Phylogenetic evidence for asparagine to aspartic acid protein editing of N-glycosylated SARS-CoV-2 viral proteins by NGLY1 deglycosylation/deamidation suggests an unusual vaccination strategy

Many viral proteins, including multiple SARS-CoV-2 proteins, are secreted via the endoplasmic reticulum, and viral particles are assembled and exported in ER-associated replication compartments. Viral coat proteins such as the SARS-CoV-2 Spike protein are N-glycosylated at NxS/T sites as they enter the ER. N-glycosylated sites in many eukaryotic proteins are deglycosylated by the NGLY1/PNG-1 deglycosylation enzyme which also deamidates the N-glycosylated asparagine to aspartic acid, thus editing the target protein sequence. Proteomic analysis of mammalian cell lines has revealed deamidation of many host N-glycosylated asparagines to aspartic acid by NGLY1/PNG-1 on peptides that are presented by mammalian HLA for immune surveillance. The key client protein for NGLY1/PNG-1 deglycosylation and N to D protein editing was revealed by genetic analysis ofC. elegansproteasome regulation to be the intact endoplasmic reticulum-transiting SKN-1A transcription factor. Strikingly, an analysis of cancer cell genetic dependencies for growth revealed that the mammalian orthologue of SKN-1A, NRF1 (also called NFE2L1) is required by a highly correlated set of cell lines as NGLY1/PNG-1, supporting that NGLY1/PNG-1 and NRF1 act in the same pathway.
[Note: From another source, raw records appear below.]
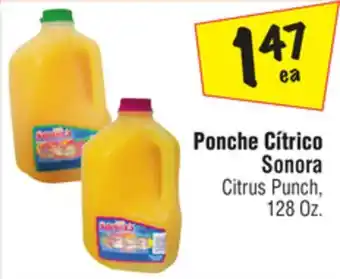 El Super Sonora Citrus Punch offer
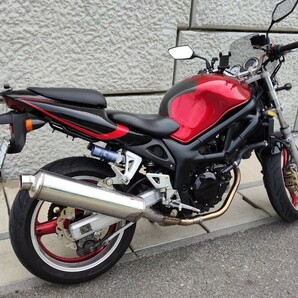 suzuki sv400 車検2024年8月 千葉市の画像5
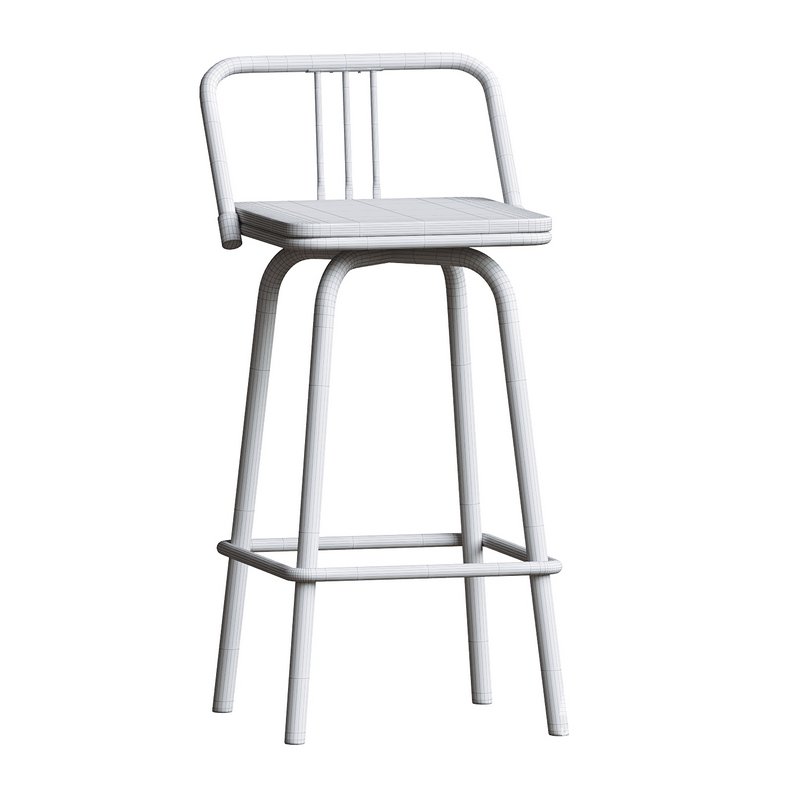 Jagna Swivel Counter Stool - Image 5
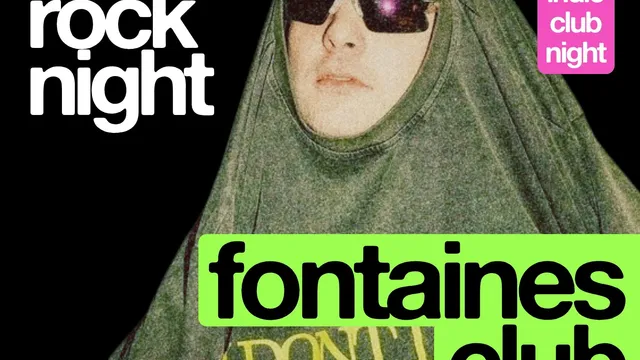 Indie Rock Night ∙ FONTAINES CLUB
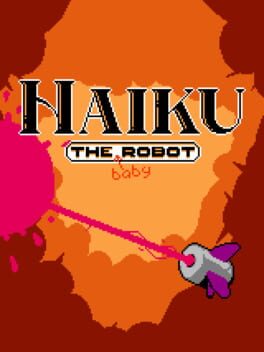 Cover Haiku, the Baby Robot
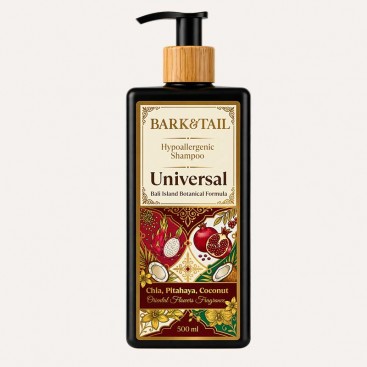 Гіпоалергенний універсальний шампунь Bark&Tail - Universal Bali Island Botanical Formula, 250 мл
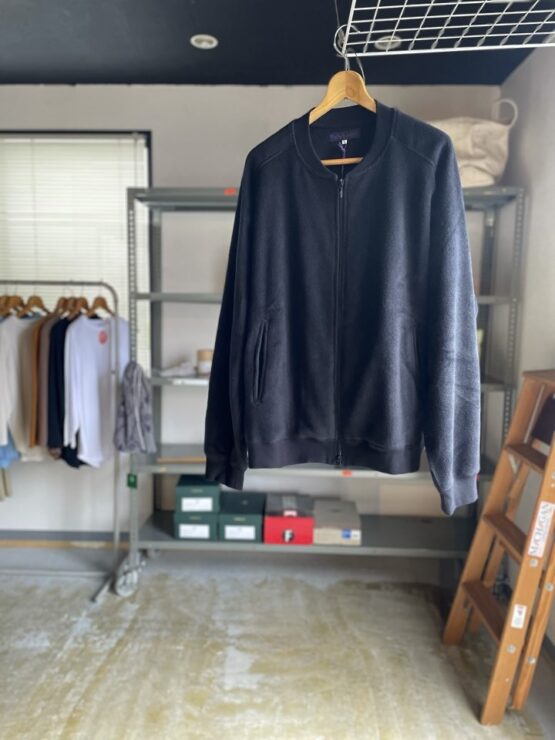 【Men's】NEEDLES SPORTS WEAR | ニードルズ スポーツウェア　BB Jacket [PE/R Fleece] - BLACK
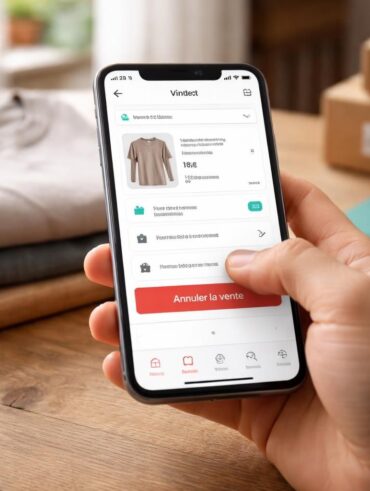 apprenez étape par étape comment annuler une vente sur vinted en toute simplicité en tant que vendeur, avec nos conseils pratiques et astuces pour une gestion efficace.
NGLY1/PNG-1 edits N-glycosylated asparagines on the intact SKN-1 protein as it is retrieved by ERAD from the ER to in turn activate the transcription of target proteasomal genes. The normal requirement for NGLY1/PNG-1 editing of SKN-1A can be bypassed by a genomic substituion of N to D in four NxS/T N-glycosylation motifs of SKN-1A. Thus NGLY1/PNG-1-mediated N to D protein editing is more than a degradation step for the key client protein for proteasomal homeostasis inC. elegansor tumor growth in particular mammalian cell lines, SKN-1A/NRF1. In addition, such N to D substitutions in NxS/T N-glycosylation motifs occur in evolution: N to D substitutions are observed in phylogenetic comparisons of SKN-1A between nematode species that diverged hundreds of millions of years ago or of the vertebrate NRF1 between disparate vertebrates. Genomic N to D mutations bypass the many steps in N-glycosylation in the ER and deglycosylation-based editing of N to D, perhaps based on differences in the competency of divergent species for various N-glycosylation or deglycosylation steps.

We surveyed the N-glycosylation sites in coronavirus proteins for such phylogenetic evidence for N to D protein editing in viral life cycles, and found evidence for preferential N to D residue substitutions in NxS/T N-glycosylation sites in comparisons of the genome sequences of hundreds of coronaviruses. This suggests that viruses use NGLY1/PNG-1 in some hosts, for example humans, to edit particular N-glycosylated residues to aspartic acid, but that in other hosts, often in bats, an N to D substitution mutation in the virus genome is selected. Single nucleotide mutations in Asp or Asn codons can produce viruses with N to D or D to N substitutions that might be selected in different animal hosts from the population of viral variants produced in any previous host. NGLY1/PNG-1 has been implicated in viral immunity in mammalian cell culture, favoring this hypothesis.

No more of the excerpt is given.